The plugin entry point is:

vllm_omni_metax.plugin:metax_omni_platform_plugin

At startup, it follows this logic:

  1. If VLLM_OMNI_METAX_DISABLE is set, the plugin stays disabled.
  2. If VLLM_OMNI_METAX_FORCE is set, the plugin activates immediately.
  3. Otherwise, it asks vllm-metax to probe the MetaX runtime through pymxsml.
  4. During activation, it may install MetaX-specific runtime patches needed by vllm-omni 0.20.0 model paths.
  5. Only when the runtime probe succeeds does it register the Omni platform class.

This keeps runtime ownership with the MetaX backend while allowing a narrow compatibility fix where upstream CUDA-only imports would otherwise block MetaX.

Runtime patch layer

The new patch layer is intentionally narrow:

  • It is enabled by default.
  • It can be disabled with VLLM_OMNI_METAX_DISABLE_PATCHES=1.
  • It installs a shim for the rotary embedding import path used by Omni diffusion/image code.
  • Its current purpose is to support Qwen3-Omni and Qwen-Image-Edit-2511 on the 0.20.0 stack.

Runtime behavior

MetaxOmniPlatform inherits from both:

  • vllm_omni.platforms.interface.OmniPlatform
  • vllm_metax.platform.MacaPlatform

That means the plugin reuses the concrete MetaX hardware implementation instead of creating a parallel backend.

Device visibility

During Omni stage setup, the plugin keeps environment variables synchronized:

  • CUDA_VISIBLE_DEVICES
  • MACA_VISIBLE_DEVICES

For operators, this means stage-level worker placement is easier to reason about, especially in multi-device debugging sessions.

Attention backend policy

For diffusion attention, the plugin deliberately keeps a conservative policy:

  • If the selected backend is explicitly requested and supported, it is used.
  • If FLASH_ATTN is requested but capability or package checks fail, the plugin falls back to TORCH_SDPA.
  • If no backend is specified, it prefers FLASH_ATTN only when both hardware capability and package availability checks pass.
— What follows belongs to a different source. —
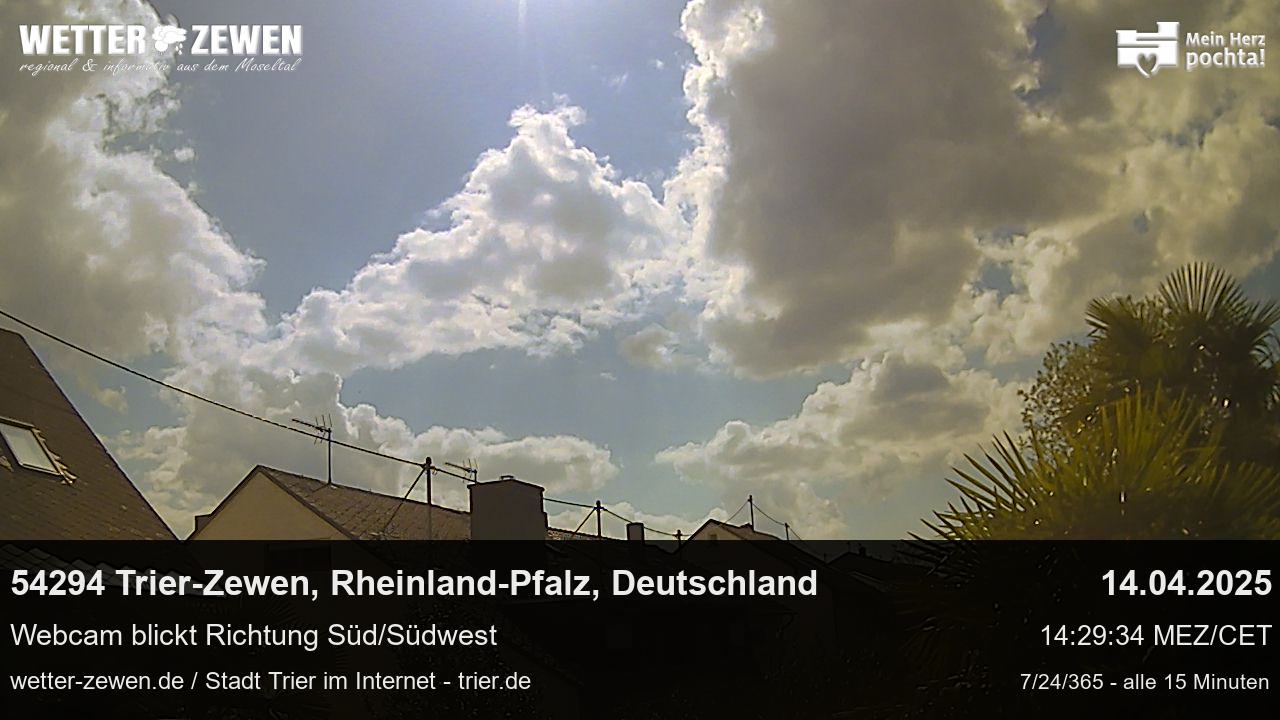Bild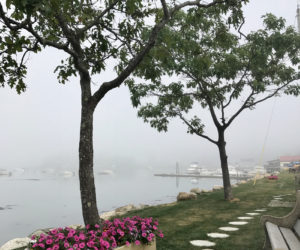 Jim Cosgrove's photo of a foggy morning in Damariscotta's Riverside Park was chosen by readers as the eighth monthly winner of the #LCNme365 photo contest. Cosgrove will receive a $50 gift certificate from Long Winter Soap Co., of Waldoboro, the sponsor of the August contest.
This keeps behavior close to the upstream GPU-oriented policy while avoiding aggressive assumptions on MetaX systems.

Operational tips

  • Start with automatic detection first and only use VLLM_OMNI_METAX_FORCE=1 when isolating startup problems.
  • Keep VLLM_OMNI_METAX_DISABLE_PATCHES=1 for A/B debugging only, not as the default deployment mode for 0.20.0.
  • Treat vllm-metax as the source of truth for runtime health.
  • Keep version combinations stable across vllm-metax, vllm-omni, and this repository.
  • If Omni behavior changes after an upstream upgrade, re-verify platform plugin discovery before debugging model logic.